Under rising violence in Tripoli, sanctions on militias wanted by France

France has told that it wanted the United Nations Security Council to implement sanctions on militias which were involved in clashes which continued for a month between rival parties in Tripoli, which is Libya’s capital. These attacks have undermined the efforts of the United Nations of holding elections there by the end of the year.

Around 115 people have got killed and the number of injuries were 383 in a fight which has thrown the Seventh Brigade or Kaniyat which is from Tarhouna, a town which is located 65 km southeast of Tripoli against the Tripoli Revolutionaries’ Brigade and the Nawasi.

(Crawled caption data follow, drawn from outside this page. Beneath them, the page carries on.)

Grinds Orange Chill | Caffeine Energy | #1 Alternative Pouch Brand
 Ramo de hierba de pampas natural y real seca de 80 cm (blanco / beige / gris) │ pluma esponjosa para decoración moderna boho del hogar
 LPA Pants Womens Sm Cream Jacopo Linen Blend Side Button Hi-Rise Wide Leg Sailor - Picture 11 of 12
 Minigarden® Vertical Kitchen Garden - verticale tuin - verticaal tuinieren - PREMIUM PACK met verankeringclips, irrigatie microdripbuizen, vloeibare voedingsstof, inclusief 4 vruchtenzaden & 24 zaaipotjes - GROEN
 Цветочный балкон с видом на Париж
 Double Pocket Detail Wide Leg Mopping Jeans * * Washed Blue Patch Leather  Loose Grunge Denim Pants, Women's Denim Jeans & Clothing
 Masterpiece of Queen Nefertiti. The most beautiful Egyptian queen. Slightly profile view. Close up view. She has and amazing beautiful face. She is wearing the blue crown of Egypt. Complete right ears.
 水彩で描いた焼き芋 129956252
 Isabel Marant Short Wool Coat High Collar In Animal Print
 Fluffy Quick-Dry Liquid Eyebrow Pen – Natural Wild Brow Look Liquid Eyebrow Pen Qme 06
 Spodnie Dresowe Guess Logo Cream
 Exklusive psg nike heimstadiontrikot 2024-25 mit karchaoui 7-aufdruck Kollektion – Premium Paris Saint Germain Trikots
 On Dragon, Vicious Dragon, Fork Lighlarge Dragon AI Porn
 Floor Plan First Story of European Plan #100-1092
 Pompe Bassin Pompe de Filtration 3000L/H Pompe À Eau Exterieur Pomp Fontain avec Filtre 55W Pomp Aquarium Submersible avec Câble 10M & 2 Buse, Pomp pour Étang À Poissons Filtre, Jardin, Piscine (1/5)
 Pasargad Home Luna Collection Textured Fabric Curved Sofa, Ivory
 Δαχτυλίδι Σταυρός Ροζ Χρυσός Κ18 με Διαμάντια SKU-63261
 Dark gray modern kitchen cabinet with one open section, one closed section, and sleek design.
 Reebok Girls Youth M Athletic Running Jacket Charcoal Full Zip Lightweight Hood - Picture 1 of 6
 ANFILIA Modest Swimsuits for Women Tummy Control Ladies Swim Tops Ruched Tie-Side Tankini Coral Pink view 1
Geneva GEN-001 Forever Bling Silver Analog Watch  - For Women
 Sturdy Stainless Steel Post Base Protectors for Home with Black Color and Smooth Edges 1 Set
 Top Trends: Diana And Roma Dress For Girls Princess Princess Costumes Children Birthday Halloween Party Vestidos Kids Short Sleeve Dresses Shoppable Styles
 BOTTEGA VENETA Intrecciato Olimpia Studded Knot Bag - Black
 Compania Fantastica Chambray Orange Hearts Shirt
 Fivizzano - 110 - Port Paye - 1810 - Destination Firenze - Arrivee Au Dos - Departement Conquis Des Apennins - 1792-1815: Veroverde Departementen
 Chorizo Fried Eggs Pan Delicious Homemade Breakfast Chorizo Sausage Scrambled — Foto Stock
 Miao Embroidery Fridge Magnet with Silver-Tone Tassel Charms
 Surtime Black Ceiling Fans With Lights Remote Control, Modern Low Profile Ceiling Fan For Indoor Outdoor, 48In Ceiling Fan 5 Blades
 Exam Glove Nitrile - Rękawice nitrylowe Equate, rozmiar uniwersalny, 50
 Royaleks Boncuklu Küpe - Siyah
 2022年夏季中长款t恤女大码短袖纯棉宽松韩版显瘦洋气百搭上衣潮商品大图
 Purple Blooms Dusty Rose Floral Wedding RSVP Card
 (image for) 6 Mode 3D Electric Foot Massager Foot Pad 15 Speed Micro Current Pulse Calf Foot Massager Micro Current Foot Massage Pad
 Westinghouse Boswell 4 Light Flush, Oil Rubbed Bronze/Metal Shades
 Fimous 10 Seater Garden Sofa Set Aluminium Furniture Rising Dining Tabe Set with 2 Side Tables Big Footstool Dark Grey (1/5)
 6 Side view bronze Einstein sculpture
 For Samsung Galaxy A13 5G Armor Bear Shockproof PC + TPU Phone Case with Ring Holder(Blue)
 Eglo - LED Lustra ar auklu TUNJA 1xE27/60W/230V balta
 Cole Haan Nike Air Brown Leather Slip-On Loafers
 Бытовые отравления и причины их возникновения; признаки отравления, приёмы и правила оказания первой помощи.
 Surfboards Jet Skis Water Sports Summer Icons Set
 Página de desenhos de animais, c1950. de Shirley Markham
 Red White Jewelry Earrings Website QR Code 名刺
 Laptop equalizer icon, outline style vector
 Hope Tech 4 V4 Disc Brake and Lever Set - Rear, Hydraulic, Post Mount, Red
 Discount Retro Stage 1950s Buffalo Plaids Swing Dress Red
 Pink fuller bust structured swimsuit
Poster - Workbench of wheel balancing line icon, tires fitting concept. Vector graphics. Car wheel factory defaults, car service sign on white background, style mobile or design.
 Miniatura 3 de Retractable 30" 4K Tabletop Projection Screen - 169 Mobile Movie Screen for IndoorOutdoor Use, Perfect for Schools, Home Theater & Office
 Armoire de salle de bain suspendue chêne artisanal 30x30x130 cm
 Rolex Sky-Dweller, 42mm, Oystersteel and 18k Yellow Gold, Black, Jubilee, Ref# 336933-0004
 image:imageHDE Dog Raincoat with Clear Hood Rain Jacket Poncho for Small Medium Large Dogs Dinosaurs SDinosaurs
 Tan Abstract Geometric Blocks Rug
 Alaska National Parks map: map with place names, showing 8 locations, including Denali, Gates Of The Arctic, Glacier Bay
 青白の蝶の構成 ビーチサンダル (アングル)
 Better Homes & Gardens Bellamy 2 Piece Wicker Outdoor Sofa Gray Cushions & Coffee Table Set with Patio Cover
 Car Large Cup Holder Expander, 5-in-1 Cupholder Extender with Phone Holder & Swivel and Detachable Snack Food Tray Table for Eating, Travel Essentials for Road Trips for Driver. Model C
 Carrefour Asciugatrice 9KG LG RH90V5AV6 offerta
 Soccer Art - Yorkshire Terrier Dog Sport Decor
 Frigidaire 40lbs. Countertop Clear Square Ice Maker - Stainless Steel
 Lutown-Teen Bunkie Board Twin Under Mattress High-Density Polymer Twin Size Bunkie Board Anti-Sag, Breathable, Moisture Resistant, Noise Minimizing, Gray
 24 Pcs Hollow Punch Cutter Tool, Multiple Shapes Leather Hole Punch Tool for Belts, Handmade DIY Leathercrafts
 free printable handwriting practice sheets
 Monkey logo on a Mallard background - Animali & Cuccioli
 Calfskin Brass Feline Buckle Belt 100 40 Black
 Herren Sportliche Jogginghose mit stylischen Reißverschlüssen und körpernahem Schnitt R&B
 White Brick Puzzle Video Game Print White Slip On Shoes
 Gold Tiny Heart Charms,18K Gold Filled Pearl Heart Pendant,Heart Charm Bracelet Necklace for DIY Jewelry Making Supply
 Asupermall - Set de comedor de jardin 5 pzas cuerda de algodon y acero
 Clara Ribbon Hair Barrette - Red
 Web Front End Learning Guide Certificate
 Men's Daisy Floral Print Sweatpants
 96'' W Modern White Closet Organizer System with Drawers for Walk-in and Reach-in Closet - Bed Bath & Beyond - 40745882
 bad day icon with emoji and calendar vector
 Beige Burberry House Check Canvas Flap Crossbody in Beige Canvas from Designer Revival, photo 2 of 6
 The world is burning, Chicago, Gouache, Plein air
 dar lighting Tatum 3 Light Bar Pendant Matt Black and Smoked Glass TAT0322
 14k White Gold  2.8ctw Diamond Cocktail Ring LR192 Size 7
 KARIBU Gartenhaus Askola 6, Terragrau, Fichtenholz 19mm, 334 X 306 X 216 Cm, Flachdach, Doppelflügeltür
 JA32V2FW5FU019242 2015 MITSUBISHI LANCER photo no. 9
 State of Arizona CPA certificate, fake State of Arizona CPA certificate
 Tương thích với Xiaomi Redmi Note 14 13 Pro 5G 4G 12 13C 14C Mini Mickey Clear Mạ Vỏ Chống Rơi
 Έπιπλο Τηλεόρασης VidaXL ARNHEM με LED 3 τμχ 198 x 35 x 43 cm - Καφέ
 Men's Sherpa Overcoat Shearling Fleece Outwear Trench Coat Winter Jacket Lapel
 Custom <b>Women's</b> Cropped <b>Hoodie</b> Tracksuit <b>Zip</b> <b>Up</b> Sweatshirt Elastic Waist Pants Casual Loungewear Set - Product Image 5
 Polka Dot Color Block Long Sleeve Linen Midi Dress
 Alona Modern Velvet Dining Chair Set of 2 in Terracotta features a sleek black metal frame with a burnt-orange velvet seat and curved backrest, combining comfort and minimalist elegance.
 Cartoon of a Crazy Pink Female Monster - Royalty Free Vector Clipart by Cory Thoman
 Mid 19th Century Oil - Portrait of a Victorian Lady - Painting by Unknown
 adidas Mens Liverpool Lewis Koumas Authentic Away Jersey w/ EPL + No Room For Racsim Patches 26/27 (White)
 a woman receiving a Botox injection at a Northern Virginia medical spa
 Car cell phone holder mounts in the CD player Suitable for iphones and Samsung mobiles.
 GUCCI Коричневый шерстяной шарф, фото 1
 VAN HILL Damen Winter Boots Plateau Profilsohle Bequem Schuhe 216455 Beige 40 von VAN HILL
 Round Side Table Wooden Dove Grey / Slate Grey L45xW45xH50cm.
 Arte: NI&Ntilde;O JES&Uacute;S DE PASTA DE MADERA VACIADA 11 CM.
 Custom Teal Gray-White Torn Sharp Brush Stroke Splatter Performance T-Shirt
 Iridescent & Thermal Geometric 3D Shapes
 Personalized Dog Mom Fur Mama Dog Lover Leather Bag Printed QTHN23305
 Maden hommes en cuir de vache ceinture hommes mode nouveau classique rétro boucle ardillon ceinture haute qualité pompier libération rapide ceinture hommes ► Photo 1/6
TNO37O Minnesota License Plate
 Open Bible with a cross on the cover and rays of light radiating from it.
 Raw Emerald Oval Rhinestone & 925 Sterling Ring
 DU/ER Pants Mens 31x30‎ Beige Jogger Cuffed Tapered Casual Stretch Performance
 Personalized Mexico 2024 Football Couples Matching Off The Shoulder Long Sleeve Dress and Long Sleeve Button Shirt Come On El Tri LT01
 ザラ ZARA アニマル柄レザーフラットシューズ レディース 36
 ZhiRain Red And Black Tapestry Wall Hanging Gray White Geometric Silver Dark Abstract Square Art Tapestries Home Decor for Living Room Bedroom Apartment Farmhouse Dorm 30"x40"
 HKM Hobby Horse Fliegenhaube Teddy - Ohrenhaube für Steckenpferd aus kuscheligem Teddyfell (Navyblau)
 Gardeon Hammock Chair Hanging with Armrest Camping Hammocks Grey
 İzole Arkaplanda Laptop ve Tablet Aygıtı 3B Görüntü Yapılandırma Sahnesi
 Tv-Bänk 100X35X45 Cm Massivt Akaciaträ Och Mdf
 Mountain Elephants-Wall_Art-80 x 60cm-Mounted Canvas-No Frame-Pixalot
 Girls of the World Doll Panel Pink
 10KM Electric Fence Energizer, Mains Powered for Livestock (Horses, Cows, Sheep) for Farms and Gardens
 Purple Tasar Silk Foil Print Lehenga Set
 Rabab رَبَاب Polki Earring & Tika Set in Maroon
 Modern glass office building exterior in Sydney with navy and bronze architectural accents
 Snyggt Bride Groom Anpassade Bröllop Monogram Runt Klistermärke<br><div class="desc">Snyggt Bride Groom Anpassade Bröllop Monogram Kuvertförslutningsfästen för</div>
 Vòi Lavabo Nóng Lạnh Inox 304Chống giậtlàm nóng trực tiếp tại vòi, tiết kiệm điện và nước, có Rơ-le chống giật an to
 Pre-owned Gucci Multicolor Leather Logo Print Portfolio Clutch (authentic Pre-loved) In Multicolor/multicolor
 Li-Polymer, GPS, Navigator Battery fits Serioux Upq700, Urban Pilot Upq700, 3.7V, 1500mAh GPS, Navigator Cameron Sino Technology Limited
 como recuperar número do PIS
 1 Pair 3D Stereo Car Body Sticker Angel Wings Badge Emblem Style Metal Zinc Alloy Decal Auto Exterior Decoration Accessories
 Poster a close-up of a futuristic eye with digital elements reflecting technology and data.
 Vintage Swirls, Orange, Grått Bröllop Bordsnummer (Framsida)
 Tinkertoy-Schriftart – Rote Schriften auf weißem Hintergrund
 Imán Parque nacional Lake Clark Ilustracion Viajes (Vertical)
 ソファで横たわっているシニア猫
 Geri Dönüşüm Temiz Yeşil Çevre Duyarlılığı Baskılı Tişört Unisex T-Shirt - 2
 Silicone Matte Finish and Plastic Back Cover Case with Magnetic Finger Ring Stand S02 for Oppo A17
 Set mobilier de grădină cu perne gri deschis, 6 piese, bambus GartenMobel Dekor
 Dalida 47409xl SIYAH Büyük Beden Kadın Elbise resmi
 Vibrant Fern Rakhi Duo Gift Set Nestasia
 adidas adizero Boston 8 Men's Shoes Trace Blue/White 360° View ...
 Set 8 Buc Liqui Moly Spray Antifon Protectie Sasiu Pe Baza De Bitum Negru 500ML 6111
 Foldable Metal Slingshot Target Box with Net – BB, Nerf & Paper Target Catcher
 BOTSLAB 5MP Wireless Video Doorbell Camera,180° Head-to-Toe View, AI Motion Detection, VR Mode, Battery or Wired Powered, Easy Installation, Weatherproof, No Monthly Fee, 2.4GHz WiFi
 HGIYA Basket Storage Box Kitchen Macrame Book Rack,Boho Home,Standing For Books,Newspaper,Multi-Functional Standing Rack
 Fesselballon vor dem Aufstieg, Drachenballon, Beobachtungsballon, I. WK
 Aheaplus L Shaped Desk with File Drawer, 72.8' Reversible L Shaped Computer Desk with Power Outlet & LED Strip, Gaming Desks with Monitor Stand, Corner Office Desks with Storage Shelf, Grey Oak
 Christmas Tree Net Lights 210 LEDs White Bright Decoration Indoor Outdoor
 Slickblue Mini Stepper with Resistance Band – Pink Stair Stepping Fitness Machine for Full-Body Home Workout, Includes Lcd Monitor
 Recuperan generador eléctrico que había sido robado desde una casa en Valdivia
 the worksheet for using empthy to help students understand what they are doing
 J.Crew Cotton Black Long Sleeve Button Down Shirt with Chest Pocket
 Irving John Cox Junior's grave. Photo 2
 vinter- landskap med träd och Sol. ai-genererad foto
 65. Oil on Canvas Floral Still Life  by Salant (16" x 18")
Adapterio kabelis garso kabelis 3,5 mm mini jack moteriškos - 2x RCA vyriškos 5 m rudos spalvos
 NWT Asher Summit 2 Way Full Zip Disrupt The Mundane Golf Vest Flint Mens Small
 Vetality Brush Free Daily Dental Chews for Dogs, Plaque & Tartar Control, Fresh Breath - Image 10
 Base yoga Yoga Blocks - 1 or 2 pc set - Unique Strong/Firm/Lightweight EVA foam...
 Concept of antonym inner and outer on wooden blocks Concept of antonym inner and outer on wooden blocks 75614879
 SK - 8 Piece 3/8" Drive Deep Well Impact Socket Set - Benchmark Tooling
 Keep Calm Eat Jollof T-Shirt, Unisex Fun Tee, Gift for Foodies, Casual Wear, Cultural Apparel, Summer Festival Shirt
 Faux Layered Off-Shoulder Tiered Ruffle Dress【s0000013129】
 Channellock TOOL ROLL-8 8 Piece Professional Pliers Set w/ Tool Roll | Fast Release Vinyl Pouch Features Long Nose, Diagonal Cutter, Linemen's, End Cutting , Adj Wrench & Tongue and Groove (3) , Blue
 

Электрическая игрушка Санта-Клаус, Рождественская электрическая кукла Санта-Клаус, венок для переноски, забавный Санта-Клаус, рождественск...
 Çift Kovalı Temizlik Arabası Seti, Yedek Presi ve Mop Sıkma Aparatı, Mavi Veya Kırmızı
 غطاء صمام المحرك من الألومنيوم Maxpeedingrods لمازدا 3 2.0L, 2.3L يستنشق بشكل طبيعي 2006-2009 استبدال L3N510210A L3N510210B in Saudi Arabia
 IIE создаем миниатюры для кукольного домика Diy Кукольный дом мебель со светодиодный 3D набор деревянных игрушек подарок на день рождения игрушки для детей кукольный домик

These are the largest armed groups in Tripoli.

Tripoli and western Libya are controlled by a United Nations – backed government which is majorly supported by armed groups. Eastern Libya is managed by a rival administration. Since Muammar Gaddafi was toppled in 2011, the country has been in a civil war situation.

French foreign minister, Jean-Yves le Drian told reporters that in the situation of worsening situation of security in Tripoli, there is a responsibility for supporting the Libyans and that would require that they need to be tougher on the people who want to keep the status quo and reap benefits. He also added that the current sanctions taken against the people traffickers in Libya needs to be extended to parts of militias of Tripoli as well.

The UN Security Council Libya sanctions committee had blacklisted militia leader Ibrahim Jathran in September and that subjected him to a global asset freeze and ban on his travel. He had overseen the attack on the oil facilities. Some diplomats have claimed that individual sanctions would limit the effect as they rarely leave Libya.

Previous colonial rulers, Italy and France are in competition to spread their influence in the country which is war-torn and is rich in oil and gas reserves.